Nu is het uitstappen uit een' reiswagen waarin men lang over den weg gehotst heeft, niet zoo gemakkelijk.
Nagenoeg als bij de arme Sauriërs uit de vóórwereld, die door lang wachten ten laatste een integrerend deel uitmaken van de klei, waarin ze aanvankelijk niet gekomen waren om daarin te blijven, heeft er ook bij reizigers die wat naauw opéén gedrukt en in gedwongene houding, te lang gezeten hebben in een' reiswagen, iets plaats wat ik u voorstel ‘assimilatie’ te noemen.
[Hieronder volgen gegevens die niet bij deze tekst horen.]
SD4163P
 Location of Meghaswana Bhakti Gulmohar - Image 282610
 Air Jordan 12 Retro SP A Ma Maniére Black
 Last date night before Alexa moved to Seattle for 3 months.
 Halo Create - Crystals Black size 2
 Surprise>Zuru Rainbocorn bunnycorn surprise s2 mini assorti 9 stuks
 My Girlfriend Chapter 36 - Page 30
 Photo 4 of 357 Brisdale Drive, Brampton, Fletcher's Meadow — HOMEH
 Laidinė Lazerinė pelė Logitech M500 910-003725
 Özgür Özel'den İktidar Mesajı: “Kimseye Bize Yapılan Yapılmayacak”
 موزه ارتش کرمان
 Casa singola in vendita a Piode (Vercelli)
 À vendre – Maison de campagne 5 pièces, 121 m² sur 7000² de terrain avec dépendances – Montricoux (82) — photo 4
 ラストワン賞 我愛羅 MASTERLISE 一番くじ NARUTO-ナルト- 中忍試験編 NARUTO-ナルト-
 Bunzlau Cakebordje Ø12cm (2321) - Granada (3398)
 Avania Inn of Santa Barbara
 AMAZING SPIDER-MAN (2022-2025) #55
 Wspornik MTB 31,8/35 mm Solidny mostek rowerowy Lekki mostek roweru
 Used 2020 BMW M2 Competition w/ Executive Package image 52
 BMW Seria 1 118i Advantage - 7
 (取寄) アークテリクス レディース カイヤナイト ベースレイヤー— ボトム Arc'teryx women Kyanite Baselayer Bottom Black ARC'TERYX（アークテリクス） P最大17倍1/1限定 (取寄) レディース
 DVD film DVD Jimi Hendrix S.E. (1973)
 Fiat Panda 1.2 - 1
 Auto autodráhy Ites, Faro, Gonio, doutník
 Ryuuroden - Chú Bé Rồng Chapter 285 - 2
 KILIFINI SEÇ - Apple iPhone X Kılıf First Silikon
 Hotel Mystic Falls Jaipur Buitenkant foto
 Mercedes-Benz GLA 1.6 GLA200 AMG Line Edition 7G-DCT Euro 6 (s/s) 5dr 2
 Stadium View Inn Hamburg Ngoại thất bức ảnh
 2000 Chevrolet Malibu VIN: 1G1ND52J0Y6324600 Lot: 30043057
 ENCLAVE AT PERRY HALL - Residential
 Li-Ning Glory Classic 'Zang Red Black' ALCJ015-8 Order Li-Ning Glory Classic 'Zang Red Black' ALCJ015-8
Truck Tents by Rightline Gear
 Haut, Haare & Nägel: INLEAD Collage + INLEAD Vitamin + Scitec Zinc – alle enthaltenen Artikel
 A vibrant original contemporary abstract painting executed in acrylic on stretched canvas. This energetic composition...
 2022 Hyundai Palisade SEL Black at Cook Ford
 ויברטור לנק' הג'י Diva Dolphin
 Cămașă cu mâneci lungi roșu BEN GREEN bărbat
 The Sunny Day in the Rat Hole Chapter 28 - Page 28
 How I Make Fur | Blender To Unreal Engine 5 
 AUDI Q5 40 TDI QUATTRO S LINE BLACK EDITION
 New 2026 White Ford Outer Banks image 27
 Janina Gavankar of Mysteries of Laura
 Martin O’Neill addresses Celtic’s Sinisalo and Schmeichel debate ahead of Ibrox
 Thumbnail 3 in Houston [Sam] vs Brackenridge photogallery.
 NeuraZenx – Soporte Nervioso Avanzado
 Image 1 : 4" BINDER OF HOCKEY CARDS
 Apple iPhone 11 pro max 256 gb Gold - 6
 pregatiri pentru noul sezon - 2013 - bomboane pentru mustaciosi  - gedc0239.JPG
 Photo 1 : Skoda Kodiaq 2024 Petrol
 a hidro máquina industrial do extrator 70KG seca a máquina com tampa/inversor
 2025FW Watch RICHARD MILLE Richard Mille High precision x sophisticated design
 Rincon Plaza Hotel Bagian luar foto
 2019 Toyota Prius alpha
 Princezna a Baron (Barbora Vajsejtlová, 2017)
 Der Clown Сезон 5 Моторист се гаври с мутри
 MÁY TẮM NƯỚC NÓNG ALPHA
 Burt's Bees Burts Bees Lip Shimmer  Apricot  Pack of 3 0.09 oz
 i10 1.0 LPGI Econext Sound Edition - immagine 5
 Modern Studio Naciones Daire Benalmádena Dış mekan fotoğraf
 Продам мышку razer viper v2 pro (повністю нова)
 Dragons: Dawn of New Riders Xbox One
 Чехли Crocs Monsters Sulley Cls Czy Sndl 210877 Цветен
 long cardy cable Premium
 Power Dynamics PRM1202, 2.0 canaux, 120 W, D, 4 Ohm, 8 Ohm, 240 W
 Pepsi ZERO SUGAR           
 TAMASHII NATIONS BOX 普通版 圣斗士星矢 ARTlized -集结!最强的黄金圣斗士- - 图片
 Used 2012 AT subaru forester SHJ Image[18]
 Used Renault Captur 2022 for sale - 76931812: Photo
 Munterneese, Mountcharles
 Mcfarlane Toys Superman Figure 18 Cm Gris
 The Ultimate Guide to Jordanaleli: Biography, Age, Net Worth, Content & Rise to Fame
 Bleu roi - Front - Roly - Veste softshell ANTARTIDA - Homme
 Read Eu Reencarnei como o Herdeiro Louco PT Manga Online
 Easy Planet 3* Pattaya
Men weet eindelijk niet juist meer waar het lederen kussen van den wagen ophoudt, en wáár de ikheid aanvangt; ja, ik ben niet vreemd aan het denkbeeld dat men in zulk een' wagen kiespijn of kramp hebben kan die men voor mot in het laken aanziet, en omgekeerd.
Waarom stellen we geen vragen meer? Waarom steken we onze vingers of vuisten niet op?
Zoo heb ik mij zelven dikwijls afgevraagd of niet vele dwalingen die onder ons kracht van wet hebben, vele ‘scheefheden’ die wij voor ‘regt’ houden, dááruit voortvloeijen dat men te lang met één gezelschap in één reiswagen heeft gezeten?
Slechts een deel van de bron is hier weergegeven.